Hauke: In Johannesburg hatten wir außerdem einen professionellen Guide. Er hat uns 'seine' Ecken gezeigt – all die, die man als Tourist unbedingt meiden sollte, weil sie gefährliche Begegnungen mit sich bringen können. Mal wurden wir auf offener Straße bedroht, mal sind wir knapp einer Schießerei entkommen. Und die Verkehrspolizei hatte uns schwer auf dem Kieker. Aber auch das gehört dazu, wenn man andere Länder verstehen möchte. Insgesamt habe ich keinen Kontinent so warmherzig und freundlich erlebt wie Afrika.
Welche Momente sind besonders intensiv in Erinnerung geblieben?
Hauke: Zuerst dachte ich: der Moment, als wir nachts unter einer kargen 15-Watt-Glühbirne in einer Schule in Simbabwe standen, umgeben von singenden Kindern, die man in der Dunkelheit kaum sah. Der Raum war gefüllt von ihren klaren Stimmen und wir mussten beide weinen. Eigentlich aber war es noch viel intensiver, meine Tochter, ganz weit weg vom Alltag, kennenzulernen.

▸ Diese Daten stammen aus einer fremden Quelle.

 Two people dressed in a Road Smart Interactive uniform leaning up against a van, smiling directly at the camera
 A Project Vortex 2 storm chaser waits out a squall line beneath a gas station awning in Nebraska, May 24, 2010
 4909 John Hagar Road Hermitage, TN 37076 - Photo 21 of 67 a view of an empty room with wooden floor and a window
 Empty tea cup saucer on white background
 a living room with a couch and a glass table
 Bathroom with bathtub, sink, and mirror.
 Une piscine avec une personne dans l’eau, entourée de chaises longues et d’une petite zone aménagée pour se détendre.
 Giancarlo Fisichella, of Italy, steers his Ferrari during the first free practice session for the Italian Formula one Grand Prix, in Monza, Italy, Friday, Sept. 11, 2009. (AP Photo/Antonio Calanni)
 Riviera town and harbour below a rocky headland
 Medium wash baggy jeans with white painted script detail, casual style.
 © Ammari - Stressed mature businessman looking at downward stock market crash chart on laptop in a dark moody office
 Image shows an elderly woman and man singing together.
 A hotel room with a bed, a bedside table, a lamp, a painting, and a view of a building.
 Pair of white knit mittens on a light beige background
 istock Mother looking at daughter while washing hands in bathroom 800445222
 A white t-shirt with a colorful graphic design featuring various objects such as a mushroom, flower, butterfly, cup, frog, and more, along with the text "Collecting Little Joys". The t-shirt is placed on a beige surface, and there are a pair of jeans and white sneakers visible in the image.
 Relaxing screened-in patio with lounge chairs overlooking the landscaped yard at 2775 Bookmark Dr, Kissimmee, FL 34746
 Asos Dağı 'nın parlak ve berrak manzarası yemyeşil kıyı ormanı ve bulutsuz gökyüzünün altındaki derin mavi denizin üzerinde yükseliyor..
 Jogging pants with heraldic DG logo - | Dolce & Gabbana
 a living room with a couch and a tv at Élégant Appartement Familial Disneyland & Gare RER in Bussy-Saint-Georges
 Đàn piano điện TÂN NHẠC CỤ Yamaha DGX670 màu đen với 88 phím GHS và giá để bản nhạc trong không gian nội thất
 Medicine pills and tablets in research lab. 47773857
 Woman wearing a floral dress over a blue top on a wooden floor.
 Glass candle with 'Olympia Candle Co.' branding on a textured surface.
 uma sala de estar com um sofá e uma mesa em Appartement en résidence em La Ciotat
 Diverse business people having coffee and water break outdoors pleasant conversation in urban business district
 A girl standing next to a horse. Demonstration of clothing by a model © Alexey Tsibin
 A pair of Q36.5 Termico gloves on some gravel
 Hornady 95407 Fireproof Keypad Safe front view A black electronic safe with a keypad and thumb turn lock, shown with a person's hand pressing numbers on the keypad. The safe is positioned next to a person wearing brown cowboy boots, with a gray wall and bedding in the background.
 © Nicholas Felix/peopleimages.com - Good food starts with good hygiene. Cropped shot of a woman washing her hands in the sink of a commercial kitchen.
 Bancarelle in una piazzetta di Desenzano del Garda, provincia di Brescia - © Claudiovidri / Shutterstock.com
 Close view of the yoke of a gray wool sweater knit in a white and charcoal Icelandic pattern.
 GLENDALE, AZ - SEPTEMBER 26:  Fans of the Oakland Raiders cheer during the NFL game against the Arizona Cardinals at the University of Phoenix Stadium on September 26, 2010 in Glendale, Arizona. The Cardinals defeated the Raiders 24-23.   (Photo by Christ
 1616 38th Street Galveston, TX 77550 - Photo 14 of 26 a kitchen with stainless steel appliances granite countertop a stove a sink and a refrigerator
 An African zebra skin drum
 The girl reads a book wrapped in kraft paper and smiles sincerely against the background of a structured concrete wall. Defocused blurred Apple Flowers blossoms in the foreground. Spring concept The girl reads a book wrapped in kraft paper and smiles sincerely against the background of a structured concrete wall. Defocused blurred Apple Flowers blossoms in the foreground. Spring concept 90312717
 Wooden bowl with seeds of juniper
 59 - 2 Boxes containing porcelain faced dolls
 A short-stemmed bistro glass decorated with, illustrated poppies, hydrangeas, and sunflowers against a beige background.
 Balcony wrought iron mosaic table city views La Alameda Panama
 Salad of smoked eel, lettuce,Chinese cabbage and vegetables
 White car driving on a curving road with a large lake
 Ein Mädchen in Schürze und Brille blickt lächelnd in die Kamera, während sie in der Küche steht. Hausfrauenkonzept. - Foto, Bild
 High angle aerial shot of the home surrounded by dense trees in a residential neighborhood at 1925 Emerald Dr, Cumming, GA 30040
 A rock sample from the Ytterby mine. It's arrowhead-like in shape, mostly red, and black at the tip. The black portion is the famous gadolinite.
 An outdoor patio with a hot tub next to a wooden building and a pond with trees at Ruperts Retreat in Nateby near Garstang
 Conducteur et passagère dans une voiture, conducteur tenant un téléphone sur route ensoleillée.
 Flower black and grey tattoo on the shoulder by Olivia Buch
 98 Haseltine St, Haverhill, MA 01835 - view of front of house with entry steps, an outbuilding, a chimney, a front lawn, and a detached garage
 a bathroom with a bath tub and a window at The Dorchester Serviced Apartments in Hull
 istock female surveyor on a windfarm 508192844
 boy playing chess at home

Molin: Während einer Autofahrt haben wir stundenlang reflektiert: Was erleben wir hier gerade eigentlich? Natürlich waren die lesbische Hochzeit in Johannesburg, das Löwenbeobachten in Simbabwe oder das Schnorcheln mit Walhaien einmalig und unersetzbar – aber nicht so sehr wie dieses tiefe, emotionale Gespräch zwischen meinem Papa und mir.
Was ist die Essenz dieser sehr persönlichen Reise? Wie kann man sie nachmachen – vor allem, falls Afrika zu groß, zu weit weg ist?
Hauke: Indem beide Reisende auf einer Ebene sind. Als Vater Erfahrung mitzubringen, ist hilfreich, aber wenn ich mich zu gut auskenne, werde ich zum Guide. Dann gebe ich meine Autorität nicht ab. So eine Reise muss beide, wenn auch nur leicht, aus ihrer Komfortzone und über die eigenen Grenzen locken. Beide wagen etwas, beide müssen sich aufeinander verlassen.
Molin: Dabei ist das Reiseziel völlig egal. Wir hätten in Südafrika in einem Luxusresort übernachten können und ganz andere sechs Wochen verbracht. Auf die Art des Reisens kommt es an: Einen Camper und ein Zelt zu teilen, schweißt zusammen, genauso wie gemeinsam Entscheidungen zu treffen, sich zu verfahren, zu kommunizieren. Und klar: Wichtig ist, dass man ein Reiseziel findet, das beide interessiert, völlig egal, ob es Österreich oder Simbabwe ist.